Deux pays, deux drapeaux et deux équipes de foot. Pour Abdel, originaire de Djerba, venu en France, il y a 10 ans, le cœur balance :
« La Tunisie, c’est mon deuxième pays. Le premier c’est la France. Difficile de choisir ».
Abdelsupporter tunisien
Le quadragénaire anticipe déjà l'accueil des résultats : « Honnêtement, on sera peut-être moins content (en cas de victoire de la France) parce qu’on sait déjà qu’elle gagnera ce match. Mais si la Tunisie gagne, ce serait vraiment la surprise. Du coup, la joie sera plus forte. Tellement on ne s'y attendra pas », sourit-t-il.
« Je préfère soutenir des gagnants ! », provoque son camarade de table. Vous avez vu Kylian Mbappé ? Un génie ! », lance-t-il amusé. Les yeux rivés sur le match Espagne-Croatie, Abdel reste impassible. « T’es pas Tunisien, c’est pour ça », réplique-t-il. Il poursuit : « Cette Coupe du monde a un goût particulier. C'est l'espoir de tout un peuple ». Abdel suit avec intérêt la crise politique qui bouscule son pays, pour lui « rien ne rassemble plus que le football ! ».
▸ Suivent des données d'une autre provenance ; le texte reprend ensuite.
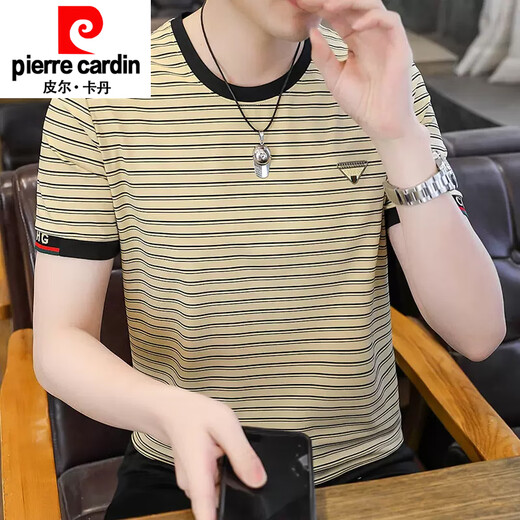 皮尔卡丹（pierre cardin）圆领条纹短袖t恤男士夏季棉凉感韩版修身半截袖潮流体恤 白色9902 LD M /165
Un quartier animé par le foot
Dans le quartier de la Gauthière, le foot est une véritable passion. Un amour pour le ballon rond qui a poussé une partie de ses jeunes habitants à organiser une Coupe d'Afrique des Nations des "quartiers". Un tournoi de foot populaire transformé en Coupe du Monde des "quartiers", l'été dernier. Parmi les nations représentées, il y avait évidemment la Tunisie qui n'a, malheureusement, pas réussi à passer les phases de poules : « On avait les Comores et l'Algérie face à nous aussi », justifie Driss, jeune adolescent qui avait suivi attentivement cet évènement populaire. Ce supporter espère cependant un tout autre destin pour son équipe, pour cette véritable Coupe du monde. Tout comme Karim, serveur dans ce café : « J'ai beaucoup de franco-tunisiens qui viennent boire un café ici. La Tunisie a intérêt de gagner , sourit le jeune homme habillé d'un survêtement rouge et vert. Pour la CAN (Coupe d'Afrique des Nations), c'était assez blindé. Tout le monde venait regarder le match pour supporter soit l'Algérie, soit le Maroc ».
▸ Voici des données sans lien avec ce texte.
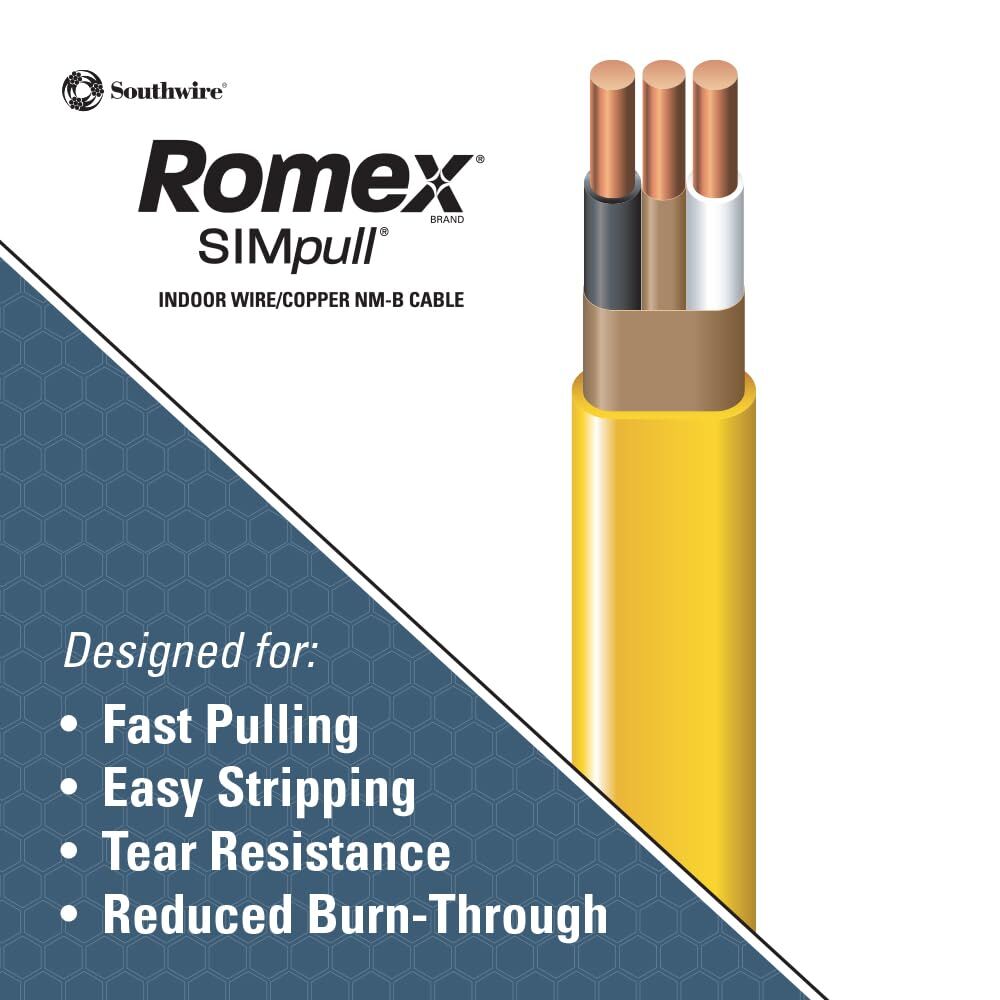 Southwire Romex Brand Yellow SIMpull Copper Type NM-B Cable With Ground, 12-2 CU Solid, 100-Ft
«Ce n'est pas juste du foot »
Dans le brouhaha de ce café, on perçoit toutefois la ferveur de quelques supporters des Bleus : « Coupe du monde 1998. Vous vous en souvenez ?, s’exclame Slimane. On était tous derrière les Bleus, qu’on soit Tunisiens, Marocains, ou même Algériens », raconte le jeune homme de 38 ans, tout en souriant à son camarade de table - algérien - comme pour le titiller. « On avait tous le même maillot, on criait tous “Allez les Bleus”». Selon lui, cet engouement avait une raison bien précise : « Parce qu’on était représentés. Le fameux Black, Blanc, Beur. Zidane était un symbole. C'était toute une ambiance. L’équipe de France représentait la diversité. Ça nous manque un peu, je trouve. Mettez un Tunisien dans l’équipe de France et je suis le plus heureux du monde ! », ironise Slimane. « Ah bah oui, c’est pas juste du foot », renchérit son camarade algérien.
« Parler foot, c'est toujours un peu sensible », philosophe Ahmed, capuché, devant sa tasse de café. Fils de parents tunisiens, ce jeune homme est un féru de ballon rond, mais sa passion se complique parfois : « Quand je suis en Tunisie, je veux être pour la France. Et quand je suis en France, je veux être pour la Tunisie. Mais dans les deux pays, c'est pas super bien vu », déplore le jeune passionné. «Pas toujours facile d'aimer le foot », conclut-il
Ces supporters peuvent en tout cas se rassurer : à défaut d'avoir une étoile sur le maillot, ces supporters auront sans doute des étoiles plein les yeux.